Abstract
The subjective synchrony perception for audiovisual stimuli is affected by previous temporal information. The point of subjective simultaneity is shifted toward the same asynchronous direction of audiovisual stimuli in a previous trial. This phenomenon is called “rapid temporal recalibration.” The factors that modulate the magnitude of rapid temporal recalibration have not been fully investigated. Previously, a positive correlation has been found between the magnitude of rapid temporal recalibration and the width of the temporal binding window (TBW). This preliminary study examined the causal relationship between TBW size and rapid recalibration magnitude using a single experimental group comparison design. In this experiment, the magnitude of rapid recalibration was compared before and after perceptual training, which narrowed the TBW width. The results indicated that the magnitude of rapid recalibration was reduced by perceptual training. Therefore, it was speculated that TBW size determined the magnitude of rapid recalibration. This causal relationship helps elucidate the mechanisms of the adaptation for temporal lags between visual and auditory sensations.
Keywords
People perceive their external environment through sensory information. Temporal synchrony among different sensory inputs is a critical factor in the processing of multisensory integration. Many studies have demonstrated the necessity of simultaneous visual and auditory inputs for audiovisual integration. For example, in the backward masking paradigm, visual target detectability and discriminability are improved by simultaneous sounds (Bolognini et al., 2005; Chen & Spence, 2011). Other experimental tasks (e.g., attentional blink) are facilitated when a visual target is presented with simultaneous sounds (Olivers & Van der Burg, 2008).
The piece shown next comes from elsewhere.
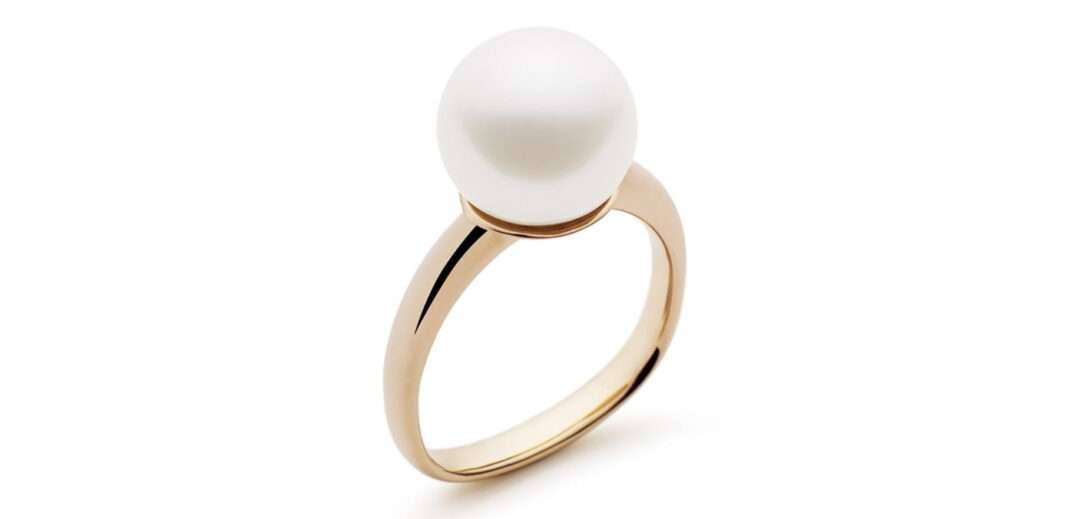 Kailis rose gold pearl cherish ring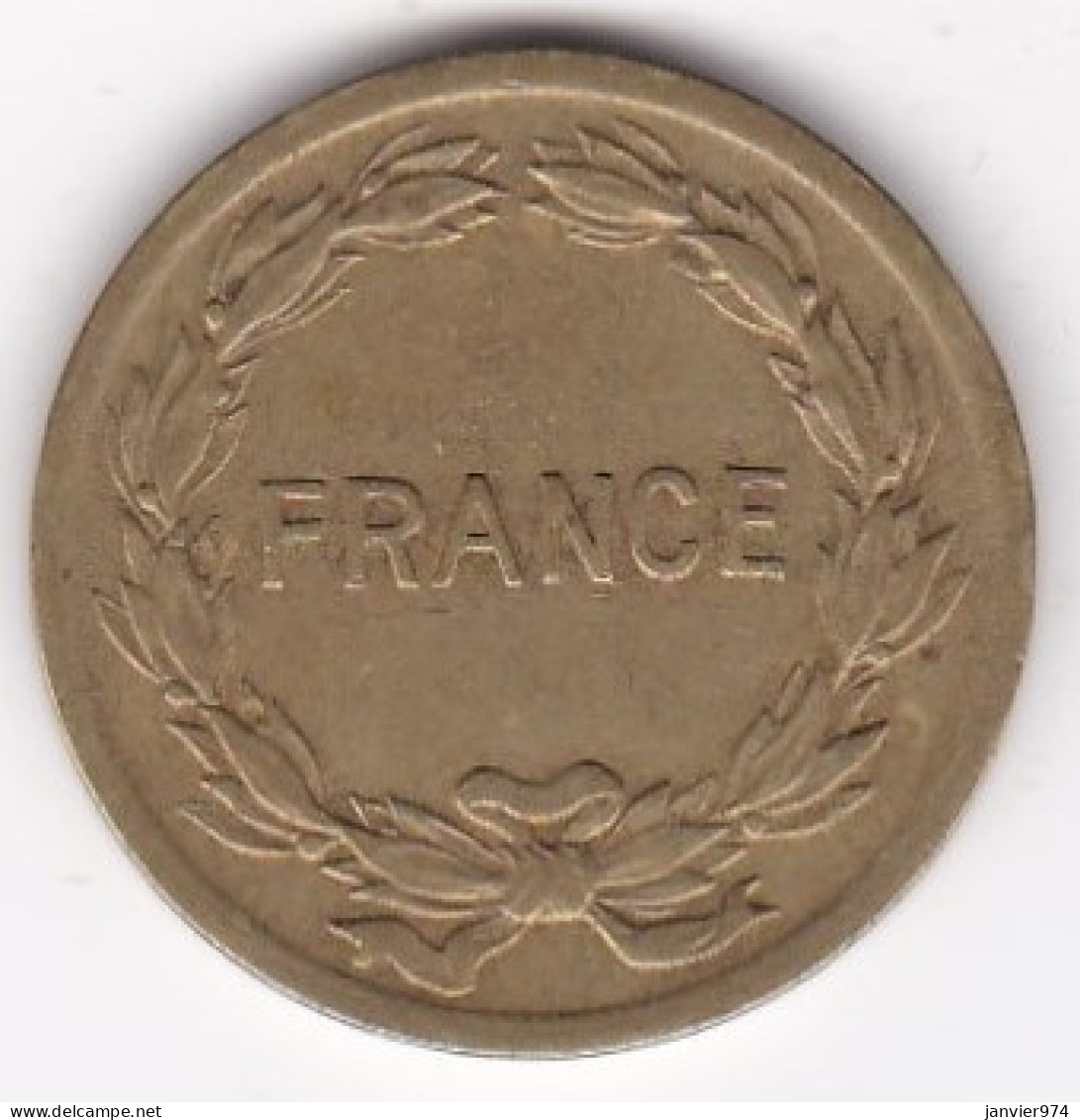 Gouvernement Provisoire 2 Francs 1944 Type Français , En Laiton , Lec# 45 - Algerien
Temporal synchrony perception for audiovisual stimuli is flexible. The subjective timing perceived as being maximally simultaneous (the point of simultaneity; PSS) often differs from the timing of physical synchrony (Vroomen & Keetels, 2010). The transmission times differ between light and sound, and the transduction times also differ between eyes and ears (King, 2005). Therefore, PSS is modulated by the distance to the source of the audiovisual stimuli (Engel & Dougherty, 1971; Sugita & Suzuki, 2003). In general, transmitting speed of light is faster than that of sound; thus, observers tend to perceive it as simultaneous when visual stimuli are presented prior to auditory stimuli. In addition, the size and intensity of visual stimuli also modulated the PSS score (Kanai et al., 2017; Krueger Fister et al., 2016). Moreover, observers judge it as simultaneous when there is a certain range of lag between visual and auditory stimuli. This tolerance range is known as the temporal binding window (TBW). The brain is considered to treat the two information streams as belonging to the same event within the range of TBW. For example, audiovisual stimuli are perceived simultaneously with sounds of 100–200 ms that precede and follow them (Dixon & Spitz, 1980; Guski & Troje, 2003). The TBW size differs between the visual field in which the visual stimuli are presented (Takeshima, 2021). This tolerance range is also associated with the processing of audiovisual interactions. The illusions induced by audiovisual integration occur even when there are presentation lags between visual and auditory stimuli (i.e., stimulus onset asynchronies; SOAs). These lags (SOAs) approximately consist of the tolerance range of subjective synchrony (e.g., Remijn et al., 2004; Takeshima & Gyoba, 2013).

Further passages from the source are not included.